TASK INSTRUCTIONS: Reproduce exactly the lines from the one containing "取扱店舗限定アイテム 【額付】ミヤケマイ「冬の虹 OVER THE RAINBOW" through the end of the entries, including both. Drop the pictures.

MATERIAL FOR THE TASK:
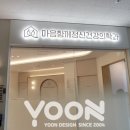 마음함께정신건강의학과의원 이미지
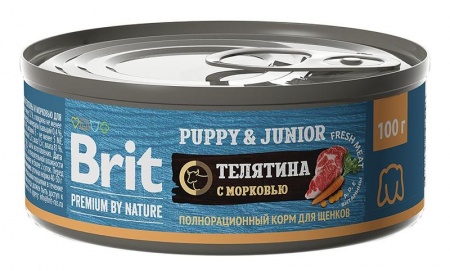 Brit Premium by Nature для щенков (телятина и морковь), 100 г в зоомагазине Лепшы Сябар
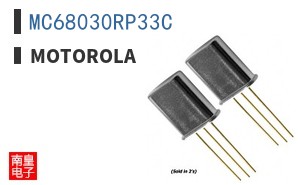 MC68030RP33C ͼƬ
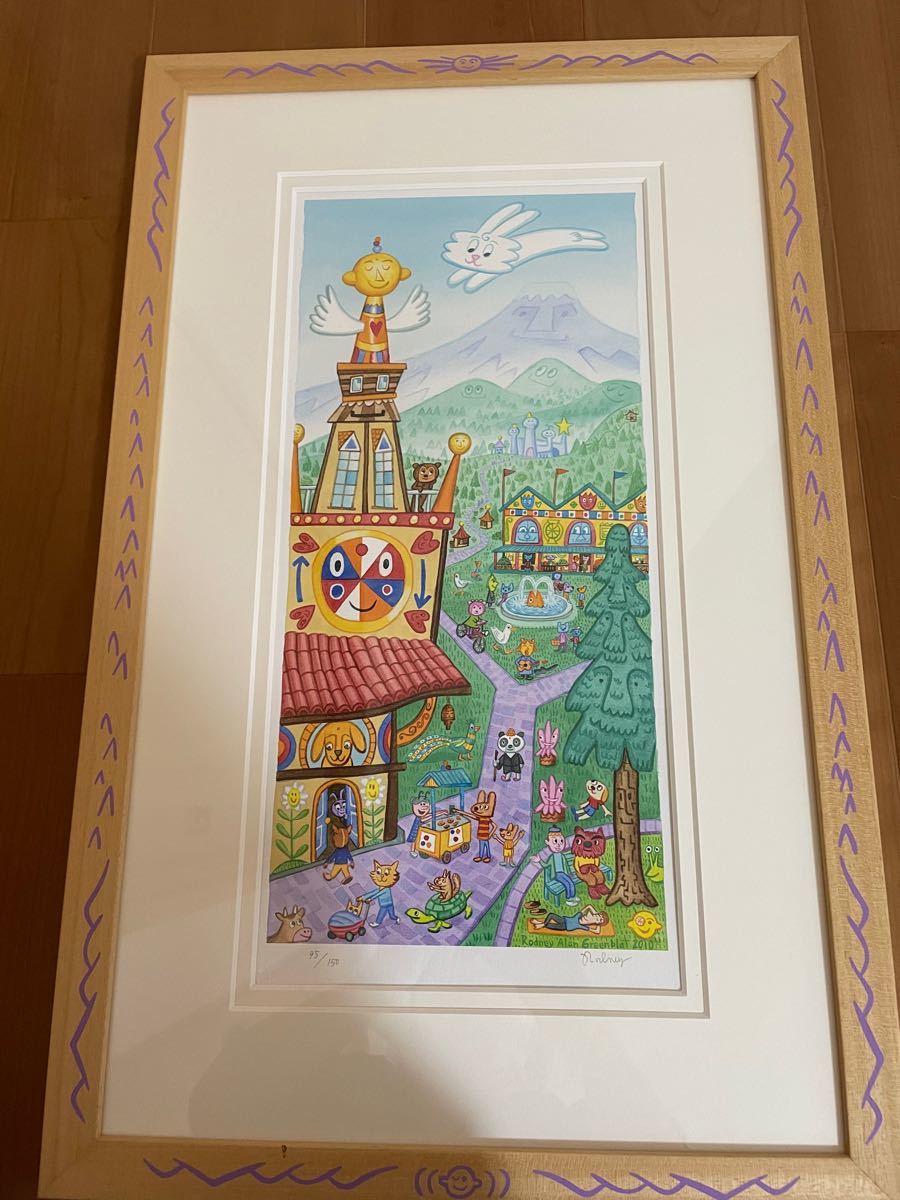 取扱店舗限定アイテム 【額付】ミヤケマイ「冬の虹 OVER THE RAINBOW
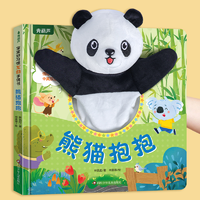 《寶寶好習(xí)慣互動手偶書：小兔彼得+小熊寶寶+熊貓抱抱》（任選一本）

RESULT:
 取扱店舗限定アイテム 【額付】ミヤケマイ「冬の虹 OVER THE RAINBOW
 《寶寶好習(xí)慣互動手偶書：小兔彼得+小熊寶寶+熊貓抱抱》（任選一本）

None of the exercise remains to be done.